Top Gear's Jeremy Clarkson is well-known for his forthright opinions. Indeed, some would say he is a bit of a loudmouth. And his co-presenters are not slow to pander to his loudmouthery.
The show is nominally about cars and motoring, but in reality it is about the presenters arsing about in banter and on film, punctuated by the occasional Stig doing a fast lap.
Clarkson's sense of humor is, how shall we say, not always entirely politically correct. Now let's be sure about the meaning of 'politically correct'. It doesn't mean 'correct'. 'Correct' means 'correct'. 'Politically correct' means 'pleasing most of the people most of the time and not getting me into trouble for what I say'. So 'politically correct' often means 'incorrect'. Something to think about, but let's move on…
In the news section of the show broadcast on January 30, Top Gear showed a shot of a new sports car from Mexico, the Mastretta. Actually it looked quite pretty in a firey shade of orange.
But the presenters didn't like it. Co-presenter Richard Hammond remarked that cars reflect national characteristics. He went on to say that if the car was like the Mexican people it would be, “…lazy, feckless, flatulent, overweight, leaning against a fence asleep looking at a cactus with a blanket with a hole in the middle on as a coat.” The item continued in the same vein with contributions from Clarkson and the other co-presenter James May.
This seems to have been upsetting for some Mexican people, including the Mexican ambassador to London, and also a jewelry design student living in London who is suing the BBC for Â£1,000,000, apparently. Gosh, I wish someone could upset me so much that I could make a million pounds from it.
Of course it is controversial to make fun of, or even comment on, national characteristics. In a totally politically correct world we wouldn't comment on positive national characteristics either. So we wouldn't say that the quality and reliability of German and Japanese cars reflected their respective national characteristics in any way.
Or perhaps we might compromise by only commenting on positive characteristics and not negative ones. But then if anyone came out with a neutral comment, that would presumably be offensive because not being effusively positive implies a negative.
So what has this got to do with guitars?
Well some time ago I was in the market for a bass guitar to replace the Rickenbacker that wasn't quite doing it for me anymore. I had determined that the Fender Precision bass was the one for me, and my ambition was to buy the best one that was available in London at that time. As you know, once guitars acquire any age they start sounding, handling and feeling different to each other, and to a certain extent that applies even fresh off the production line.

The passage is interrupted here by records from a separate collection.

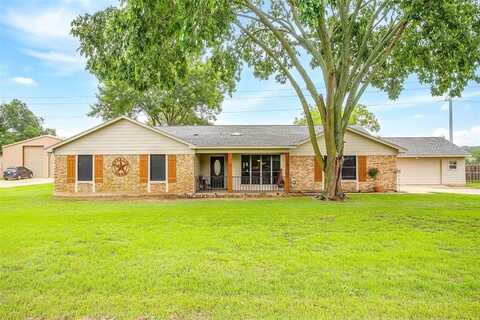 132 Southwood Drive, Burleson, TX 76028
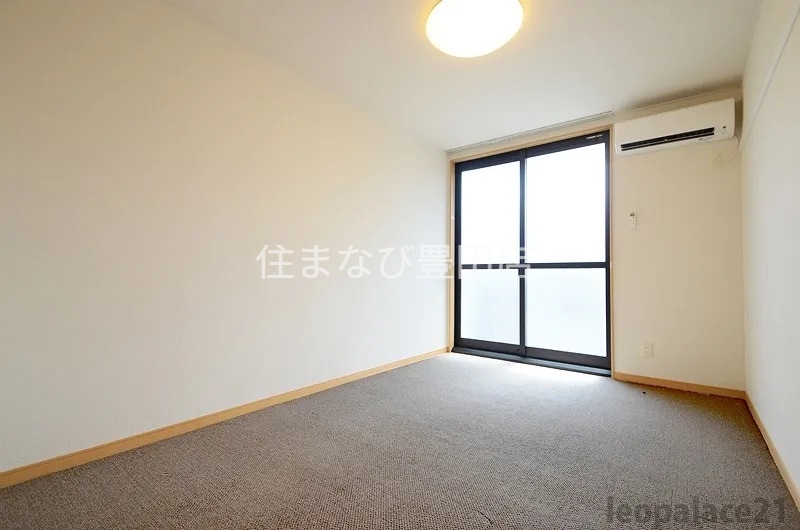 居室・リビング　同型タイプ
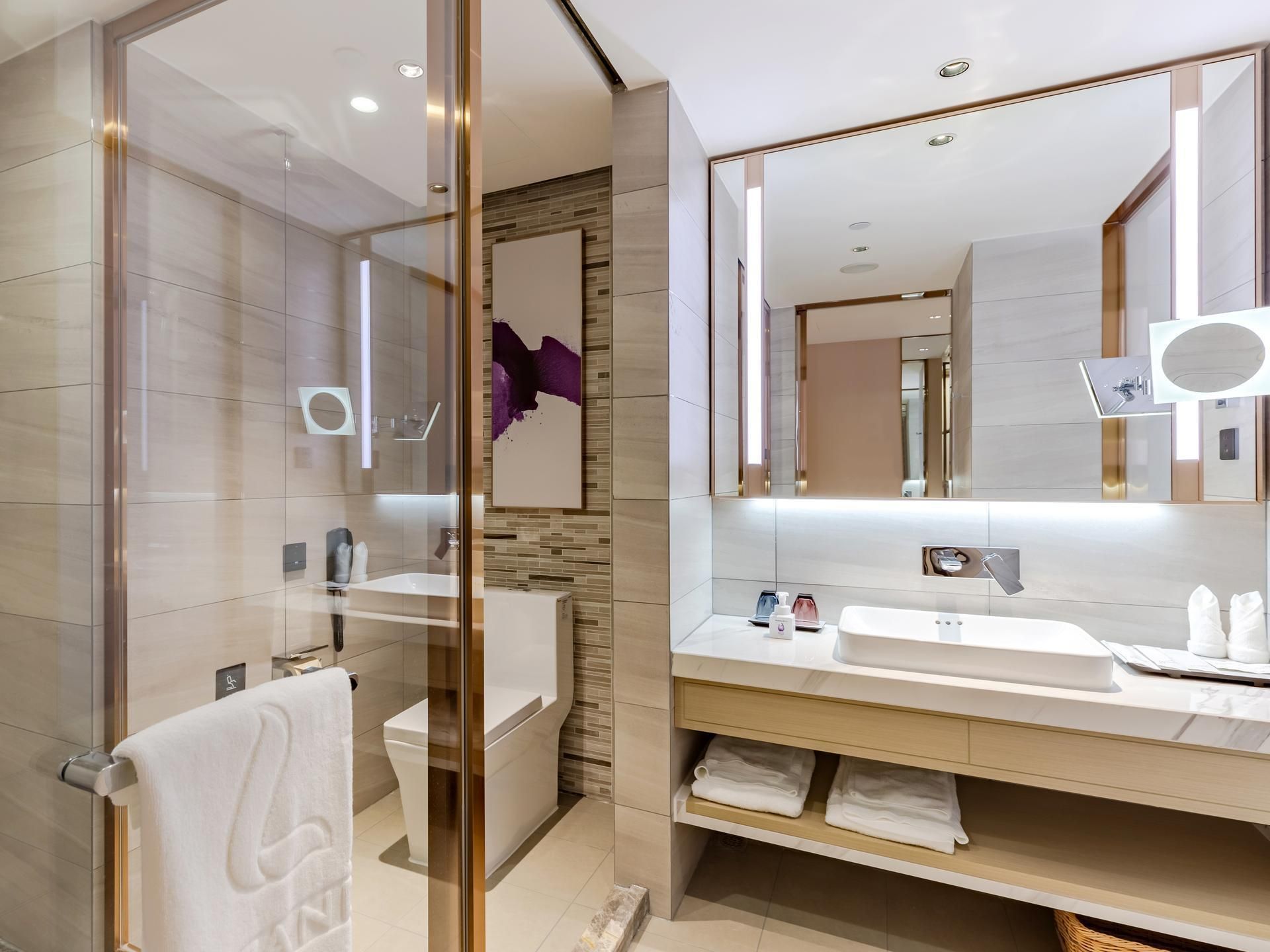 WH - Deluxe Room Twin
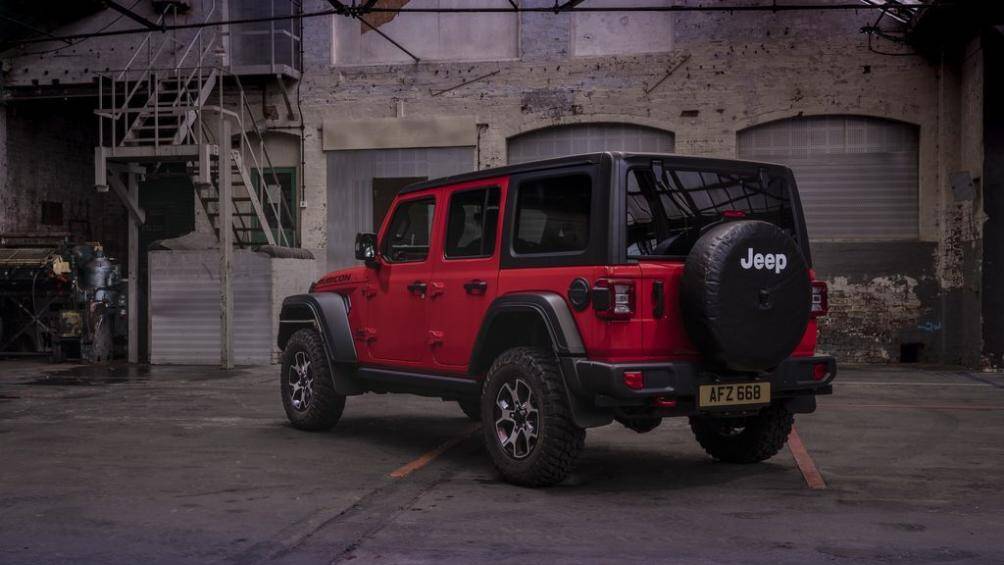 Theo chia sẻ từ nhà sản xuất, Jeep Wrangler 1941 Edition được phát triển dựa trên mẫu Wrangler Rubicon Unlimited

So I went round all the guitar shops in London. Yes, all of them within the perimeter of the North and South Circular Roads.
And the best one… Well it was definitely the best. Lovely to play, lovely sound. And a lovely shade of shocking pink. Not for me I'm afraid.
So I bought the second-best one, a rather battered sunburst model from a shop in Denmark Street.
But also in Denmark Street was the third-best Precision Bass in the whole of London. It was a Fender, but it wasn't from their premium-price US-built range. In fact, it was being sold at little more than than half of the price of the pink one (both were new).
And on the back of the headstock was a little sticker…
“Made in Mexico”
Lazy, feckless, flatulent and overweight it wasn't!